• Collected data:
● ● ● ● ● ● ●

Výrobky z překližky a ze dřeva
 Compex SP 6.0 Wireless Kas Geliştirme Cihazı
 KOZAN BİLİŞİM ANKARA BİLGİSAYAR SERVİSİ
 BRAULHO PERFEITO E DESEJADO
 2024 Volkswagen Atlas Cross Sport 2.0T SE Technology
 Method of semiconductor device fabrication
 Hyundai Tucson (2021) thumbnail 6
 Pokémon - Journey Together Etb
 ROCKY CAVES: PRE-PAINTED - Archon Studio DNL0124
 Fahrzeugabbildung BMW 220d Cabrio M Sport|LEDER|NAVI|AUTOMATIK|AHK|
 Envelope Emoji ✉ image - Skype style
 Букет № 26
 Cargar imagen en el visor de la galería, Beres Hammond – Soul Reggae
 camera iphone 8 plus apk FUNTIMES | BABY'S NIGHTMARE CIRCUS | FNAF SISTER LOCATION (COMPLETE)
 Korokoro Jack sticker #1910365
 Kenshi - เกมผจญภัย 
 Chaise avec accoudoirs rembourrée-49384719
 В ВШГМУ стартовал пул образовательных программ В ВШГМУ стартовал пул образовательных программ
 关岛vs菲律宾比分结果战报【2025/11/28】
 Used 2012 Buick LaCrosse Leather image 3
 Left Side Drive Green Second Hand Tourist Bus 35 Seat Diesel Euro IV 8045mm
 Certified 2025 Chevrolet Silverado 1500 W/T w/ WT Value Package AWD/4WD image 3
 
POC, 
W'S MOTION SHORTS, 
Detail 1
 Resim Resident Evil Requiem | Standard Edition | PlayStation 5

● ● ● ● ● ● ●

• ACTIVITY: Copy every record above exactly as it stands.

• ANSWER FOR THE TASK:
Výrobky z překližky a ze dřeva
 Compex SP 6.0 Wireless Kas Geliştirme Cihazı
 KOZAN BİLİŞİM ANKARA BİLGİSAYAR SERVİSİ
 BRAULHO PERFEITO E DESEJADO
 2024 Volkswagen Atlas Cross Sport 2.0T SE Technology
 Method of semiconductor device fabrication
 Hyundai Tucson (2021) thumbnail 6
 Pokémon - Journey Together Etb
 ROCKY CAVES: PRE-PAINTED - Archon Studio DNL0124
 Fahrzeugabbildung BMW 220d Cabrio M Sport|LEDER|NAVI|AUTOMATIK|AHK|
 Envelope Emoji ✉ image - Skype style
 Букет № 26
 Cargar imagen en el visor de la galería, Beres Hammond – Soul Reggae
 camera iphone 8 plus apk FUNTIMES | BABY'S NIGHTMARE CIRCUS | FNAF SISTER LOCATION (COMPLETE)
 Korokoro Jack sticker #1910365
 Kenshi - เกมผจญภัย 
 Chaise avec accoudoirs rembourrée-49384719
 В ВШГМУ стартовал пул образовательных программ В ВШГМУ стартовал пул образовательных программ
 关岛vs菲律宾比分结果战报【2025/11/28】
 Used 2012 Buick LaCrosse Leather image 3
 Left Side Drive Green Second Hand Tourist Bus 35 Seat Diesel Euro IV 8045mm
 Certified 2025 Chevrolet Silverado 1500 W/T w/ WT Value Package AWD/4WD image 3
 
POC, 
W'S MOTION SHORTS, 
Detail 1
 Resim Resident Evil Requiem | Standard Edition | PlayStation 5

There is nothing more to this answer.